The tools an agent has access to define its ceiling. An agent without a browser can't test web apps. An agent without code intelligence can't jump to definitions. An agent without a terminal can't run tests. What products choose to include — and what they leave out — reveals their theory of what an agent should do.

We cataloged the built-in tools in ten AI coding products, all from official documentation and public repos as of March 2026. This is a companion to our survey of built-in agents — that post covered the agents, this one covers what those agents can reach.

What we surveyed

Ten products, same list as the agents survey:

  • Claude Code (Anthropic) — CLI agent
  • GitHub Copilot — IDE + CLI agent
  • Cursor — IDE agent
  • Windsurf (Codeium) — IDE agent
  • Devin (Cognition) — autonomous cloud agent
  • OpenHands (All Hands AI) — multi-agent framework
  • Aider — terminal pair programmer
  • Amazon Q Developer — AWS-integrated agent
  • Gemini Code Assist (Google) — IDE agent
  • Augment Code — IDE agent + orchestration

Product by product

Claude Code

The most granular tool separation we found.
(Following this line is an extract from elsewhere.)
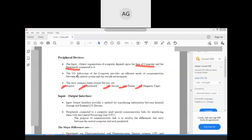Moving to the input-output interface — the I/O interface provides a method for transferring information between internal storage and external input-output devices. The peripherals connected to a computer need a special communication link for interfacing with the central processing unit, i.e., the CPU. The purpose of this communication link is to resolve the differences that exist between the central computer and each peripheral. Since the CPU is the fastest component, all devices need to communicate with it efficiently, which is why we need the input-output interface.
Eleven named tools, each with distinct parameters and individually permissioned:

ToolCategoryPurpose
ReadFileRead file contents with optional line range
WriteFileCreate or overwrite a file
EditFileExact string replacement in a file
GlobFileFast file pattern matching
BashTerminalExecute shell commands
GrepSearchContent search built on ripgrep
WebSearchWebSearch the web for information
WebFetchWebFetch and process URL content
NotebookEditFileEdit Jupyter notebook cells
TodoWritePlanningStructured task tracking
TaskAgentLaunch subagent for complex work

Each tool can be placed in an allow list (auto-approved), deny list (blocked), or default ask list (requires user approval). Subagents receive restricted tool sets — the Explore agent gets read-only tools (Write, Edit denied), Plan gets read-only tools. This per-tool, per-agent permission model is the most fine-grained we found.

GitHub Copilot

The CLI and IDE agent modes share a common tool set, though the exact tool names aren't published the way Claude Code's are:

CategoryCapabilities
FileRead files, edit files, create files
TerminalRun commands, view output
SearchSemantic code search, file search by name
WebWeb search, browser preview
AgentDelegate to Explore/Task/Plan/Code Review agents

Custom agents (Markdown files with YAML frontmatter) can restrict tool access via a tools list — the same pattern as Claude Code. MCP servers extend the tool set beyond built-in capabilities.

Copilot's agent mode automatically selects which tools to use and can run multiple tool calls in parallel. Tool selection is not user-visible in the same way as Claude Code's individual permission prompts.

Cursor

Ten documented tools available in Agent mode:

ToolCategoryPurpose
Semantic searchSearchSearch by meaning across indexed codebase
File/folder searchSearchFind by name, directory, keywords
Web searchWebSearch the internet
Fetch rulesConfigRetrieve project rules
Read filesFileRead text and image files
Edit filesFileSuggest and auto-apply edits
Run shell commandsTerminalExecute terminal commands
Browser controlWebNavigate, screenshot, interact with pages
Image generationVisionGenerate images
Ask clarifying questionsUserRequest information from user

Browser control is notable — Cursor can navigate to URLs, take screenshots, click elements, and type text. Most products don't ship browser interaction at all. Image generation is also rare; Cursor can generate images as part of its workflow.

Custom Modes restrict which tools are available. Ask Mode removes write capabilities. Manual Mode limits to explicit file editing.

Windsurf

Windsurf's Cascade agent has a smaller, less granular tool set:

CategoryCapabilities
SearchSearch and analyze codebase
WebWeb search
TerminalTerminal command execution
Code qualityLinter integration (auto-fixes lint errors)
Package managementAuto-detects and installs missing packages

A hard limit of 20 tool calls per prompt caps how much work the agent can do in a single turn. This is the only product in our survey with a documented tool-call ceiling.

Extensibility is limited to MCP server configuration. There's no per-tool permission model — tools are either available in a mode or not.

Devin

The broadest tool surface in our survey. Devin runs in a cloud IDE environment with full system access:

CategoryCapabilities
FileFull filesystem access (editor + file explorer)
TerminalMultiple terminal sessions
BrowserFull Chromium browser (real, not headless)
SearchDevin Search with "Deep Mode" for complex queries
KnowledgeDevin Wiki (auto-indexed repo documentation)
ReviewDevin Review (code review with commit application)
TestingDesktop Testing via computer use (Linux)
GitFull git operations

Devin's tools aren't discrete named functions — they're a full operating environment. The agent can open multiple terminals, browse the web, interact with GUIs, and run desktop applications. This is closer to giving the agent a full computer than a set of API tools.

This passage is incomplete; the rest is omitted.